HILLSBOROUGH — Some 300 people crowded a forum Thursday night to hear information about a possible merger of the Orange County and Chapel Hill-Carrboro schools.

The event, sponsored by a local parents’ group and held at Cedar Ridge High School, featured a UNC professor, a member of a 1985 committee that studied the topic, and Orange County Commissioner Moses Carey, who initiated local merger discussion this January.

Merger is the only way to ensure equal opportunities for all students in the county, Carey told the crowd.

“Merger is … the best means of correcting the injustice,” Carey said. “To me, the fundamental issue in this case is the issue of civil and social justice.”

Carey has pointed to the funding disparity between the two districts as one reason to merge. Although the county gives both systems equal funding per pupil, the city school district raises additional money from a special tax.

But Cindy Smith, an assistant professor at the UNC School of Education, pointed to several studies showing that increased funding does not necessarily improve student achievement. She cited a 1990 study showing that schools in South Dakota had low pupil funding but high pupil achievement on standardized tests. The study showed, Smith said, that South Dakota has strong families, small schools and old-fashioned values.

“I am not sure what assumptions we can make about student achievement in a merged district,” she said.

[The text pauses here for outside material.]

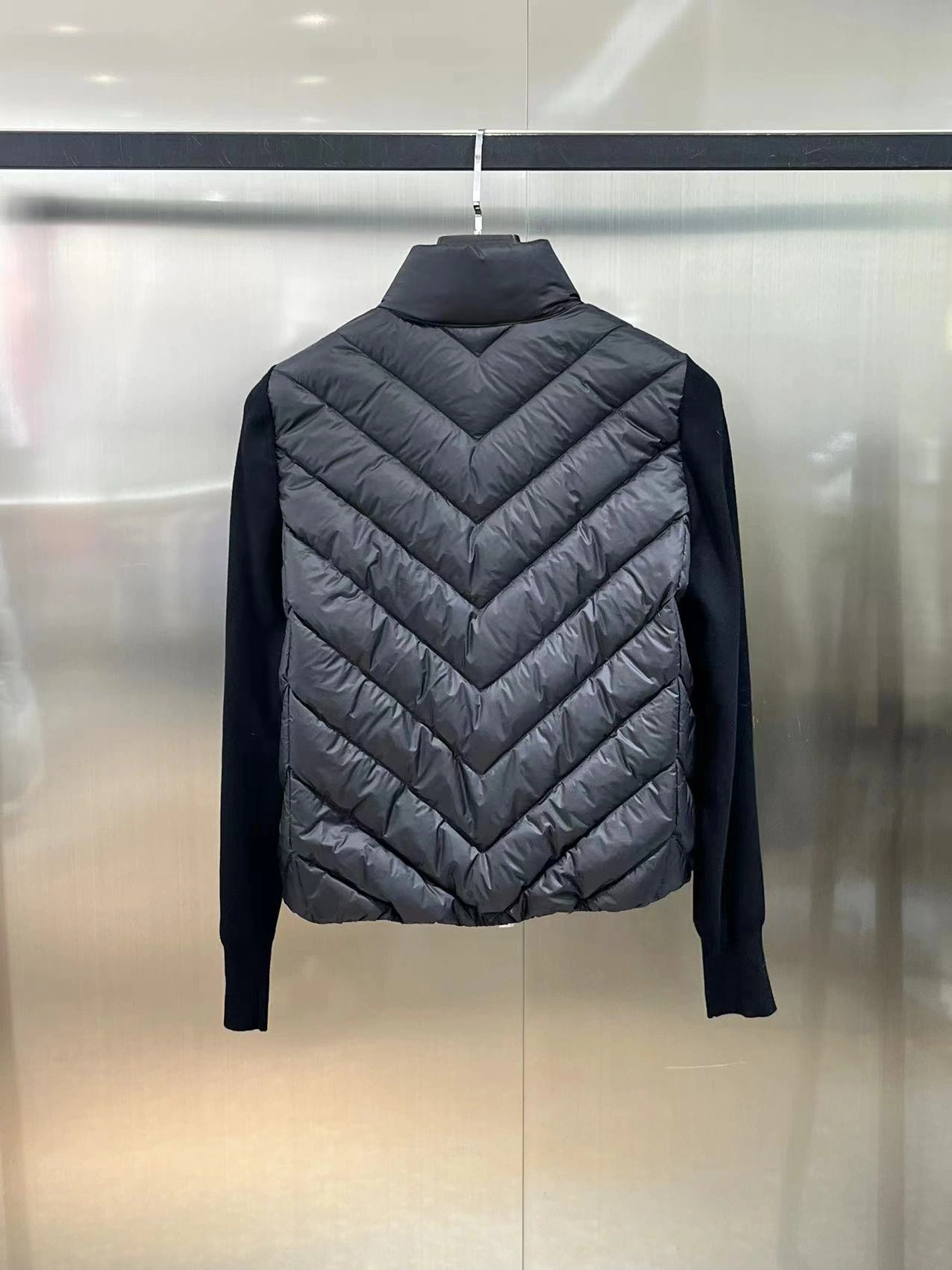 Moncler Down Jackets Versatile 145517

Before the forum began, several groups handed out fact sheets advocating for and against merger. INFORM, the group sponsoring the forum, handed out information comparing the two school districts. Members — who came from both school districts — said they wanted the night to be about facts, not advocacy.

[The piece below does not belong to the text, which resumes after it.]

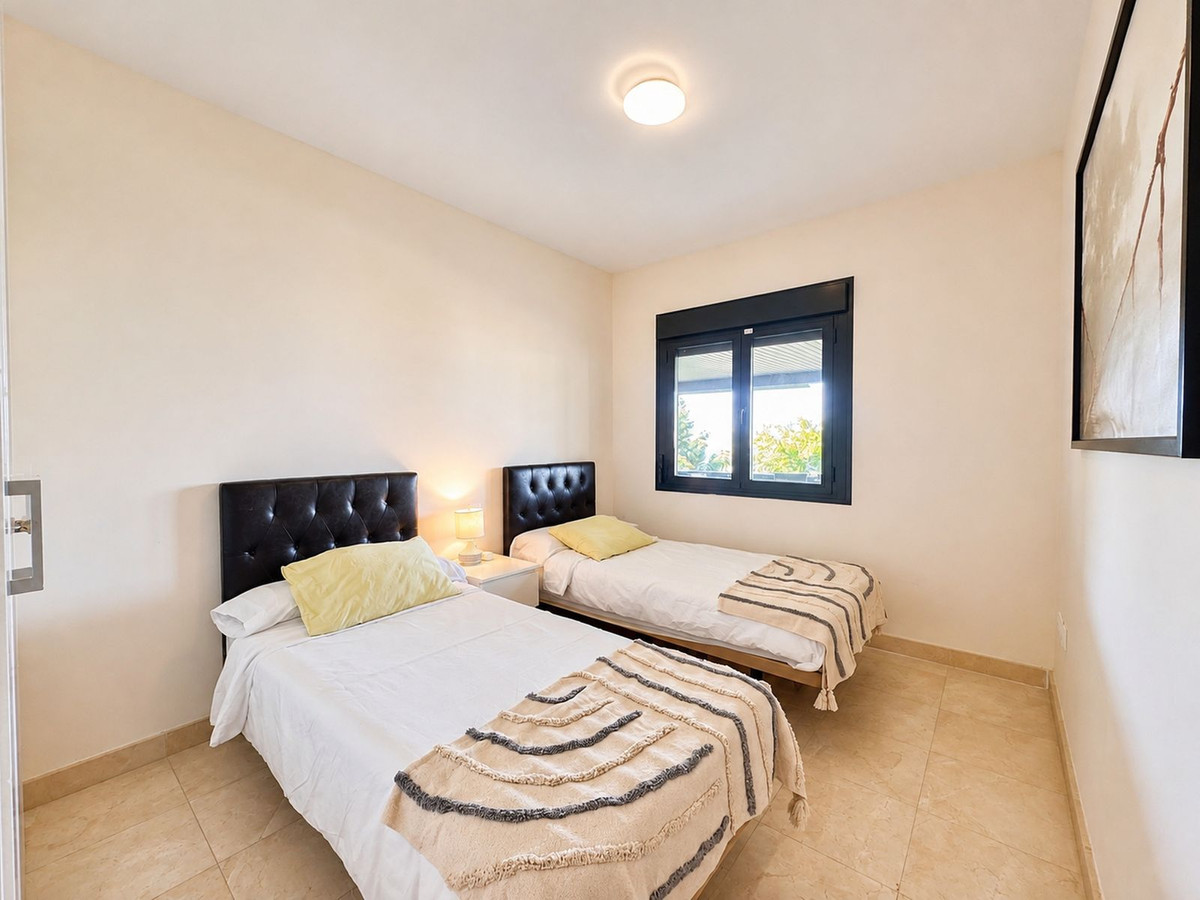 Se vende Apartamento Planta Media de 2 dormitorios en Costa Del Sol, Málaga, España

One group, Citizens for a Sound Economy, handed out stickers showing the word “merger” with a line through it. Lynda Haake, who has two children in the city schools, wore one of the stickers and said she attended the forum for more information.

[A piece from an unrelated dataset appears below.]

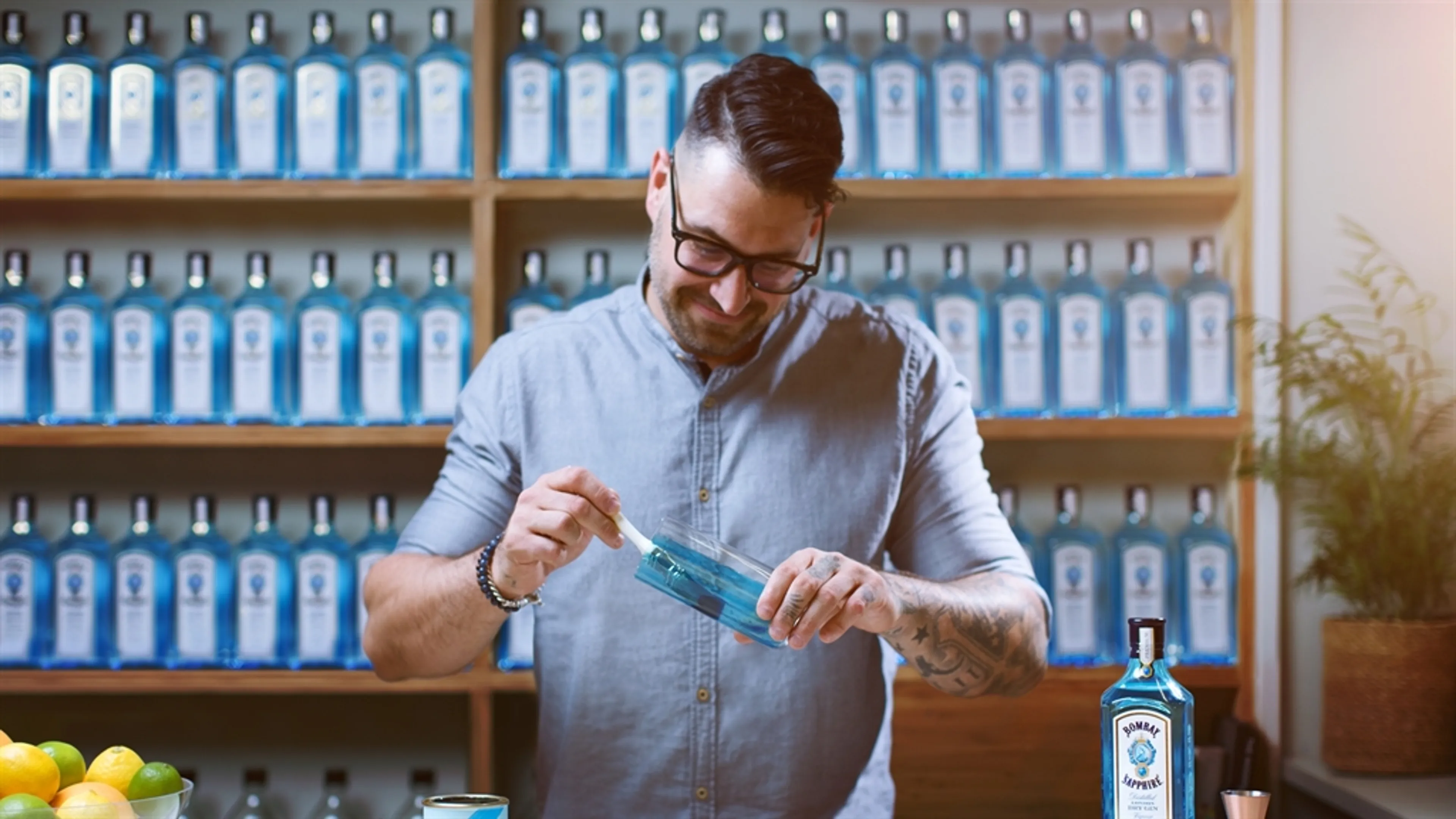BOMBAY SAPPHIRE® Gives the Iconic G&amp;T a Fresh Lick of Paint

“It’s just happening so quickly without a whole lot of information,” Haake said. “I kind of feel like we’re being railroaded.”

Joy Frelinger, a member of a committee that studied merger in 1986, told the crowd that her task force concluded that the county needed to equalize funding and the schools needed to collaborate on services. Frelinger said that she and several other committee members, however, thought the districts should not merge.

Also at the meeting, several schools and county staff members summarized a report that the county commissioners heard Sept. 15 about the implications of merging.